Defendor: super eroe con super problemi (mentali)
Credo che ad ogni bambino, prima o poi, venga voglia di sistemare tutti i torti del mondo, il classico momento in cui vorresti fare il poliziotto, con distintivo, sirene, fermare tipi loschi in fuga lanciando loro il manganello alle caviglie (T.J. Hoocker docet!). Poi, niente, basta guardare una volta Dirty Harry e capisci che non fa per te, troppa burocrazia, no no, non va bene, ho le mani legate, se voglio risolvere tutti i torti ho bisogno di più potere di così… Il Cavaliere Jedi è la soluzione ideale! Ma vai a capire come si fa ad arrivare su Dagobah per farsi istruire da Yoda. La soluzione al problema si trova in tutti quei giornaletti colorati, in cui ci si può perdere per ore, non serve altro: da grande farò il supereroe!
Le maestre a scuola si preoccupano, perché fai sempre le corna in classe, temono l’influenza negativa di quella musica del “EVI METALLO” di cui si sente tanto parlare e che plagia le menti dei giovani, prova tu a spiegarglielo che stai provando i tuoi nuovi lancia ragnatele.

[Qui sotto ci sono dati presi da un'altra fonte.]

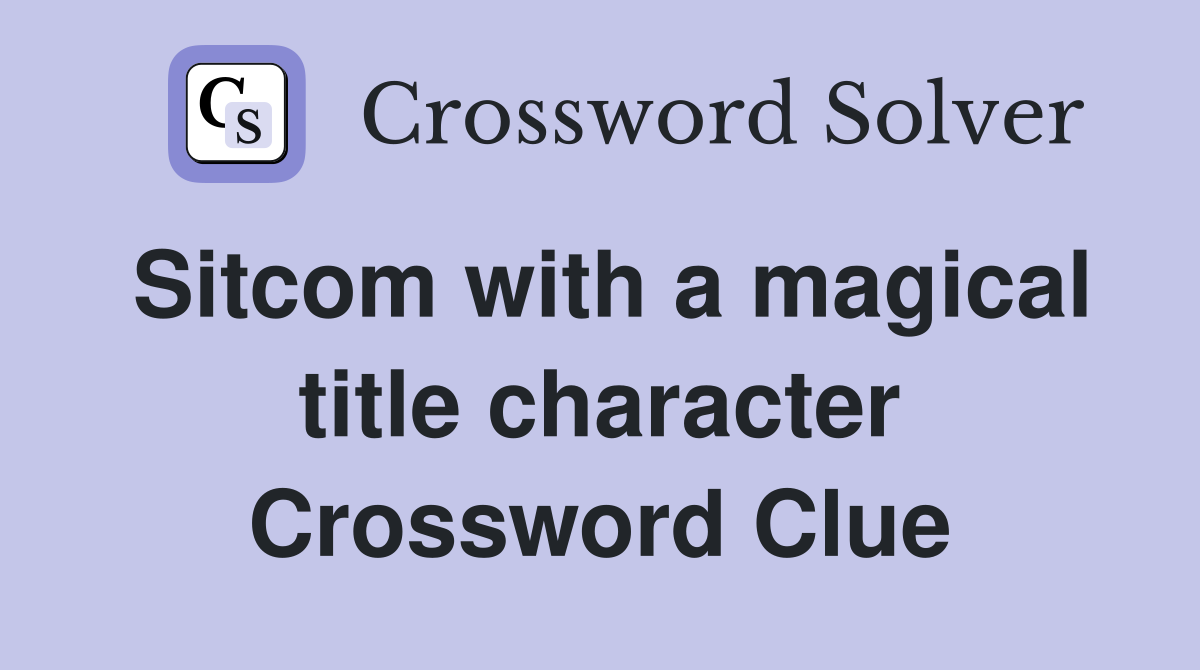Sitcom with a magical title character Crossword Clue
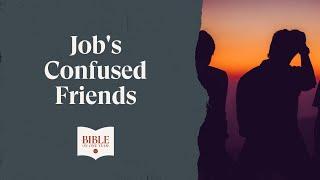 Job's Confused Friends - Job 4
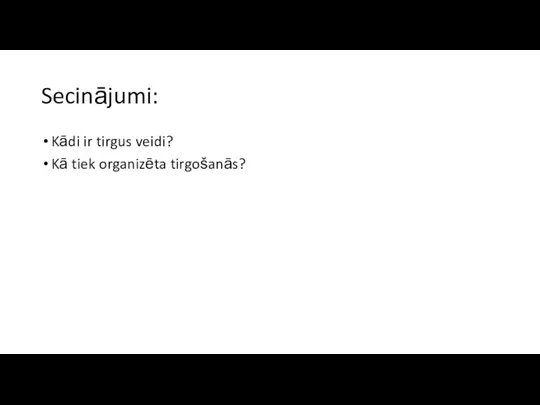 Secinājumi: Kādi ir tirgus veidi? Kā tiek organizēta tirgošanās?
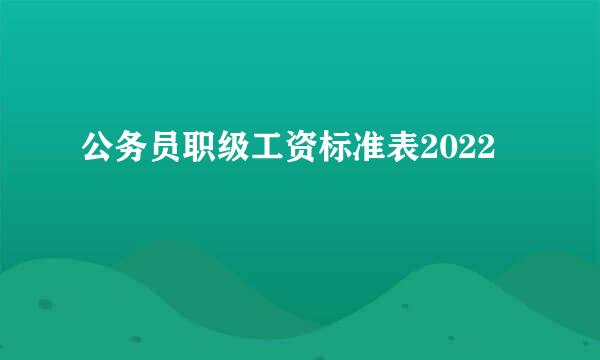 公务员职级工资标准表2022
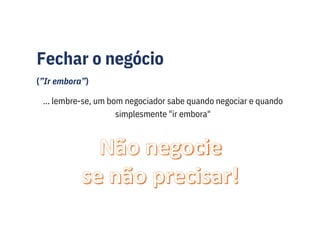 Fechar o negócio
(”Ir embora”)
... lembre-se, um bom negociador sabe quando negociar e quando
simplesmente "ir embora"
 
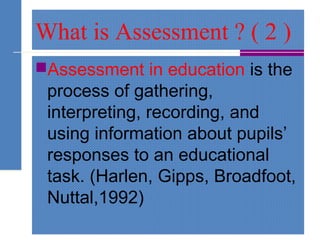 What is Assessment ? ( 2 )
Assessment in education is the
process of gathering,
interpreting, recording, and
using information about pupils’
responses to an educational
task. (Harlen, Gipps, Broadfoot,
Nuttal,1992)
 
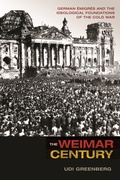Cover: The Weimar Century - Princeton University Press
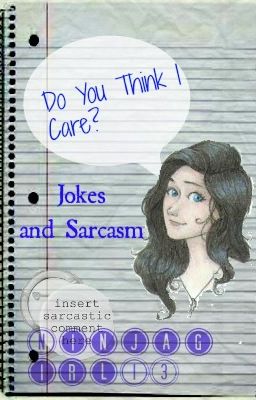 Do You Think I Care: Jokes and Sarcasm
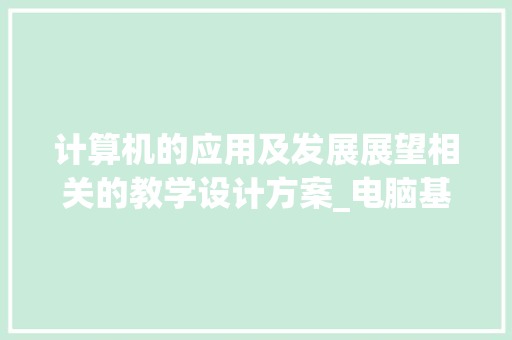 计算机的应用及发展展望相关的教学设计方案_电脑基础游戏有什么 操作系统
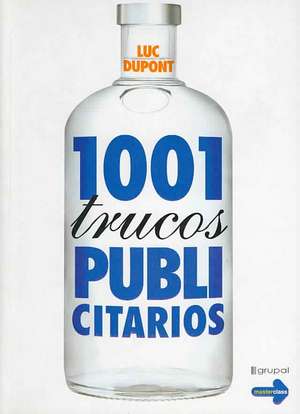 1001 Trucos Publicitarios de Luc Dupont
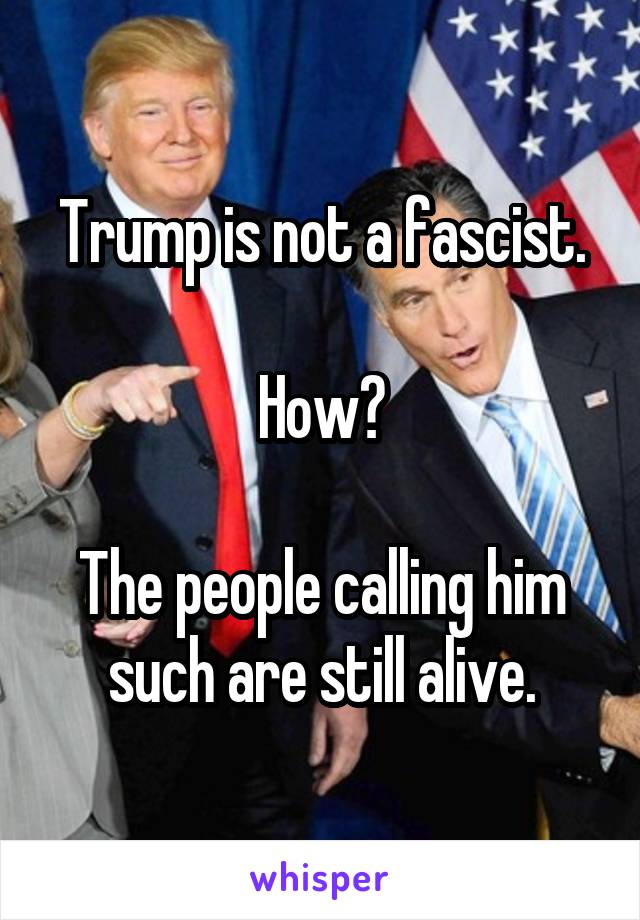 Trump is not a fascist.

How?

The people calling him such are still alive.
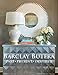 Barclay Butera Past Present Inspired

Non si sa bene perché, ma i bambini che sono piccole sacche di anarchia in miniatura, che vedono la regola del dover andare a letto presto come fumo negli occhi, hanno sempre questa attrazione per chi può sistemare tutti, mettendo al fresco i cattivi e salvando il mondo. Forse perché vedono il mondo in maniera più semplice, forse perché sono capaci di distinguere alla perfezione chi sono i buoni e chi, invece, sono i cattivi.
La stessa capacità che ha anche Arthur Poppington, ragazzone un po’ tardo che di giorno regge il cartello “Slow” (e a ben pensarci anche lui è po’ Slow) per far rallentare gli automobilisti in prossimità dei cantieri stradali, ma di notte, con casco, tuta nera, una grande “D” grigia fatta con il nastro americano e il lucido nero sugli occhi diventa Defendor! Mi raccomando Defend-OR sennò si arrabbia un sacco.

Arhtur non ha nessun super potere, anche perché una mazza “Trench club” della Seconda Guerra Mondiale, delle biglie e alcune api abbastanza ammaestrare non sono di certo etichettabili come super poteri, forse l’unico potere che ha è quell’ingenuità tutta infantile di saper ancora distinguere bene chi sono i “Cattivi”, un uomo/bambino tanto motivato da voler fare la cosa giusta.
Se vi è capitato di vedere il trailer, sappiate che come al solito è ingannevole, il film fa ridere e nemmeno pochissimo, ma per fortuna non solo questo, in un’epoca in cui i supereroi dominano al cinema, Defendor riesce ancora ad essere un titolo originale e, ahimè, non così noto.
Diretto da Peter Stebbings, attore canadese al suo esordio alla regia, Defendor prova a mostrare un supereroe in un mondo realistico, una città americana soprannominata “Hammer city” che sembra Houston e di certo non è scintillante come la New York della Marvel Comics.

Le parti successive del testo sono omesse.